Pewne obrazy z dzieciństwa zostają w albumie pamięci wyryte niczym fotografie, niczym sceneria, do której człowiek zawsze wraca pamięcią, choćby upłynęło nie wiadomo jak wiele czasu.






Carlos Ruiz Zafon jest pisarzem, który jest najbardziej znany ze swojej pozycji Cień wiatru, która jest nawet wpisana na listę 100 książek BBC, które należy przeczytać przed śmiercią. Książę mgły jest pozycją debiutancką powieścią autora, która zasadniczo jest skierowana dla młodzieży, ale jednak może czytać ją każdy, przynajmniej według autora, który zawarł w książce swoje posłowie.

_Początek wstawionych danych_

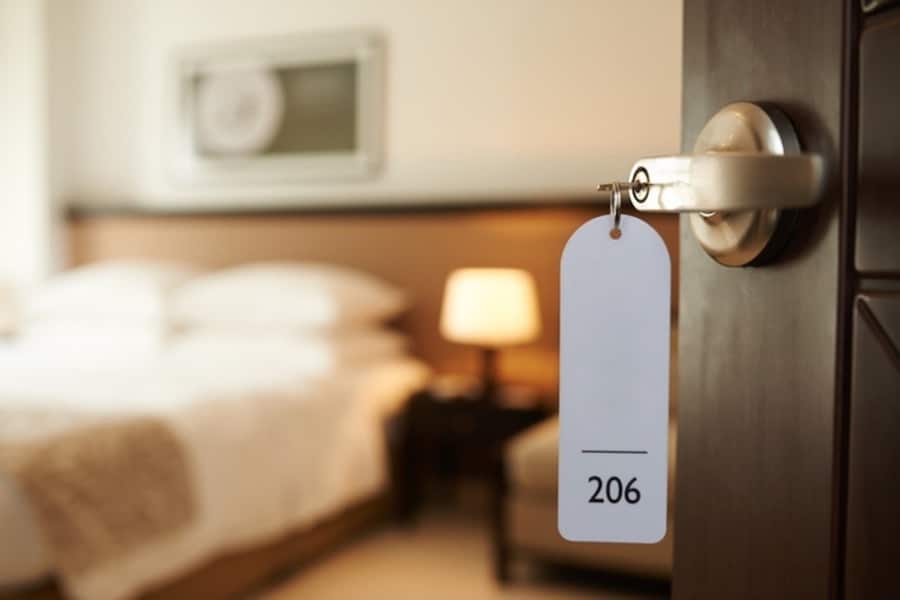 does landlord have to pay for hotel during repairs oregon illustration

Do małej osady rybackiej na wybrzeżu Atlantyku przeprowadza się rodzina Carverów, wraz z trójką dzieci - Maxem, Alicją i Iriną. Powodem tego była praca, którą znalazł tam ojciec rodzinnym , a ich miejscem zamieszkania stanie się domek przy plaży, który kiedyś należał do rodziny Fleishmanów, których syn utonął w morzu i dlatego wyprowadzili się z tego miejsca. Od samego początku dzieją się tam dziwne rzeczy, a dzieciaki poznają Rolanda mieszkającego w latarni morskiej, od którego dowiadują się to i owo o miasteczku i o byłych właścicielach domu. Poznają także dziadka Rolanda -  Victora Kraya, z którym chłopak mieszka i wychowuje się. To właśnie dziadek chłopaka opowie dzieciom o złym czarowniku, który nazywany jest Księciem Mgły, który jest gotowy spełnić każdą prośbę lub życzenie, ale w zamian żąda bardzo wiele. Dzieciom wydaje się, że to legenda, ale do czasu…
[...] poważnym błędem jest wiara w to, że można ziścić swoje marzenia, nie dając nic w zamian.

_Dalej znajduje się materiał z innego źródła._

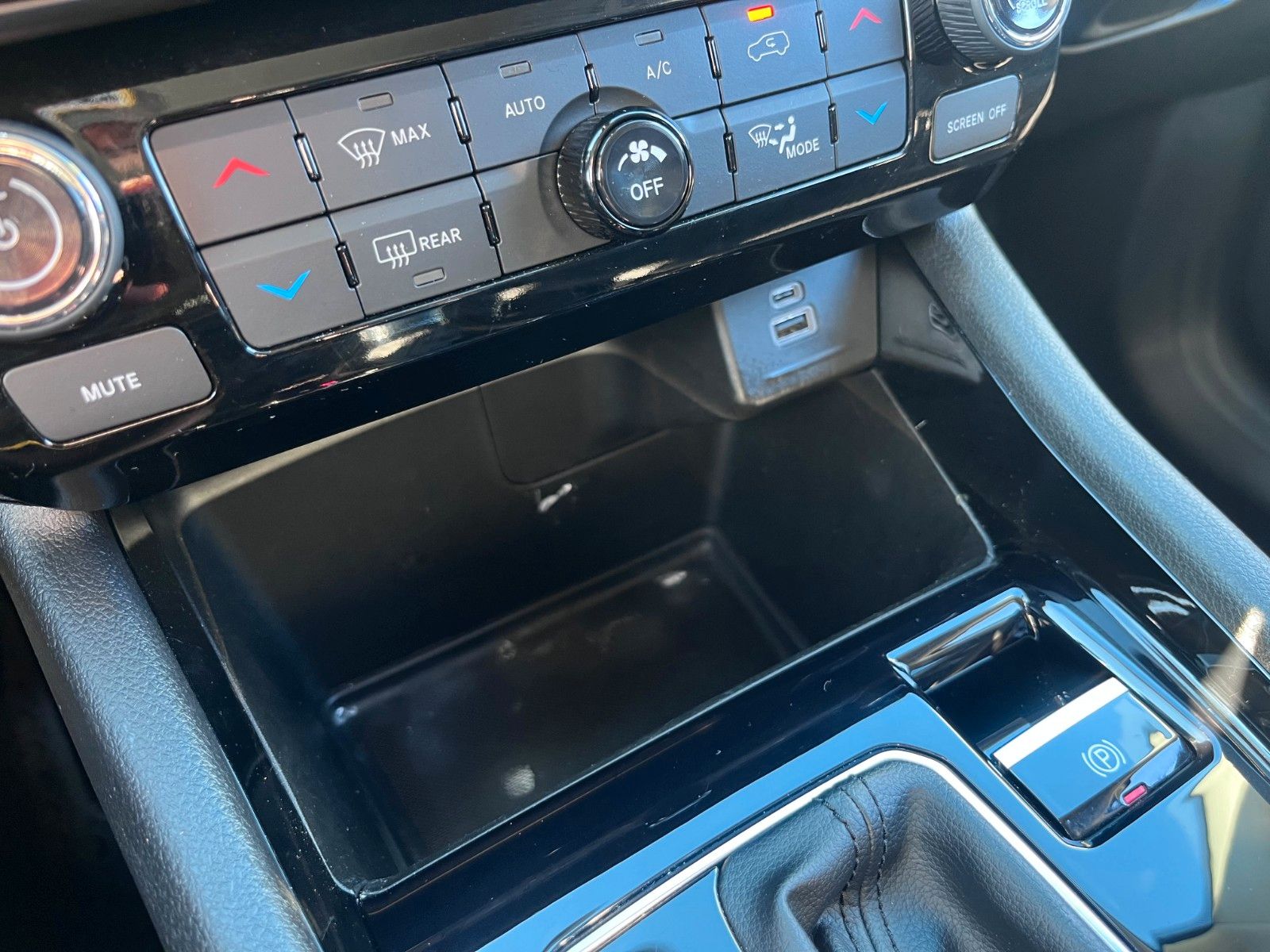 Fahrzeugabbildung Jeep Compass Summit Mild-Hybrid FWD Navi elektr. uvm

Cień wiatru przeczytałam stosunkowo niedawno, choć Książe mgły czekał na półce dłużej. Teraz się za nią zabrałam i połknęłam ją w jeden wieczór. Jest to pozycja dla młodzieży, więc nie każdemu dojrzałemu czytelnikowi może się spodobać. Napisana prostym, nieskomplikowanym językiem, a historia przedstawiona w książce, jest dość ciekawa, choć nie jest arcydziełem. Jest wciągająca i fascynująca, z pewną dozą magii i tajemnicy. Generalnie jest to lekka i przyjemna lektura, za zimowy wieczór przy herbatce. Cień wiatru podobał mi się bardziej, ale jak na lekturę dla młodzieży jest to książka na naprawdę dobrym poziomie. No i jest w zupełnie innym klimacie niż wspomniany już bestseller Zafona. Ma coś w sobie, książka z klimatem. A na półce czeka jeszcze Pałac północy i Światła września, po które zapewne niebawem sięgnę.